# I need to find a home for one 5 mo old neutered male bunny.



## Cheyrul (Jun 25, 2011)

He had been adopted with 2 of his litter mates but the guy could not keep all 3. He was born on Jan 14. Neutered on about June 6. He is fairly sweet, desperately wants to be with his 2 sisters but attacks his neutered brother, who is very submissive and my favorite (so darn it he cannot get away with that!) he is caged in the same room as the other bunnies because I have a small house and was never planning on having bunnies ... the daddy bunny is very aggressive to Maxwell and it is not fair. We have had 2 mishaps where Cookie Monster got out and attacked Max, one was my fault for not securing clamping the cage door shut with 2-3 clamps, which allowed Cookie to scooch thru the door. I was holding Max tonight and found 3 bite marks, one was big to me, all were mostly completely healed.
Cookie even tries to bite Max thru the cage. I think Max would probably be fine with Cookie if he did not attack him, but he does.
Please help. I am overwhelmed and do not want Max hurt and I am not particularly found of him spraying me when he is out exercising. Or my walls. ssd: Max is white with a black spot on one ear, black lined blue eyes and has a few small spots on his back. I could probably post pictures or email them to anyone interested. He is a sweet bunny who is not currently interested in anyone but the girl bunnies, however he is gentle and will allow you to hold him, does prefer but allows it. Likes his head rubbed and tolerates nail clippings fine. I would prefer he be an indoor bunny because we live in SW FLA and I just read the thread about overheated bunnies  
Oh, he is mostly box trained in his cage. I think once he is rid of his hormones he and not around a dominant male and girls, he would be fine. He only pees and leaves poops around the other bunny cage.


----------



## Nancy McClelland (Jun 25, 2011)

ray:


----------



## Cheyrul (Jun 28, 2011)

I am so struggling. No one wants this sweet bunny, at least no one from our social groups, church and family.
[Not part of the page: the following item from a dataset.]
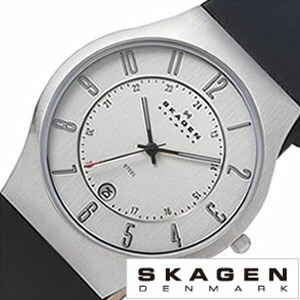 SKAGEN ӻ   󥺻 233XXLSLC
I am so hesitate to put him on Craiglist or post him up at a pet store(well, not him personally but his photo and stats) as I fear someone will less than wonderful intent will take him for their snake or something. 
I am considering calling a private petting zoo person our church used for its live nativity scene. The woman never left her pets unattended, she stayed personally to supervise children and people to make sure people offered food to the goats, cow and donkey correctly as to not get bit or tease, etc. However, the church did not have bunnies at the nativity so I am not sure how she handles her rabbits.


----------